The way the color-luminosity plane is populated by $\sim$4000 galaxies representative of different environments in the local universe around the Coma cluster, as revealed by the Sloan survey, strengthens the following scenario:

1.
No strong environmental differences are seen in the galaxy population of the local universe (Fig. 5) unless late-type galaxies (Fig. 6) are counted separately from early-types (Fig. 7): the former decrease in fraction with increasing local density, viceversa the latter.

2.
The differences at z=0 involve mostly galaxies of low luminosity (mass) (well below M*), in agreement with Scarlata et al. (2007). The missing low-luminosity late-type galaxies in dense environments compensate exactly the missing low-luminosity early-type galaxies in loose environments.

3.
High luminosity galaxies (Mi<-20.5) show little environmental differences in both their early-type and late-type components (see Table 3), i.e. early-type galaxies have $M^* \sim 1$ mag fainter in extreme isolation. This shift shows up even in the global Luminosity Function (all types) as a $\sim$0.5 mag difference in M* of UL compared to higher density. A similar shift is found in the zCOSMOS low redshift bin (0.2<z<0.5) by Tasca et al. (2009) who refers to Bolzonella et al. (2009). Notice however that their study covers a density regime that falls entirely within our UL and L bins and misses high density Coma-like clusters.
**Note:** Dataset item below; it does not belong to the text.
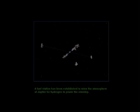A fuel station has been established to mine the atmosphere of Jupiter for hydrogen to power the starship.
Points 1-3 form a coherent evolutionary picture assuming that at recent cosmological epochs strong environmental transformations (``Nurture'') of the galaxy population involve low luminosity blue amorphous dwarf galaxies (BCDs) that progressively become dEs in their infall into denser structures, in further agreement with Haines et al. (2008). This major shift consists of a pure color migration from blue to red by about 0.5 mag (g-i), causing a major spectroscopical change, accompanied by a minor change in morphology. No significant luminosity growth is seen along this process, as derived from the comparable luminosity of blue systems abundant in isolation and of red dwarfs abundant in denser regions.

High luminosity galaxies appear to be already in place, irrespective of the environment, from previous cosmological epochs, probably as a consequence of the ``Nature'' process known as downsizing (Cowie et al. 1996; Gavazzi et al. 1996; Gavazzi & Scodeggio 1996; Boselli et al. 2001; Fontanot et al. 2009). Massive ellipticals and massive bulge-dominated spirals are likely to have formed at significant redshift due to major merging (as predicted by merger trees, e.g. De Lucia et al. 2006; and observed by Faber et al. 2007; Scarlata et al. 2007; Bell et al. 2007).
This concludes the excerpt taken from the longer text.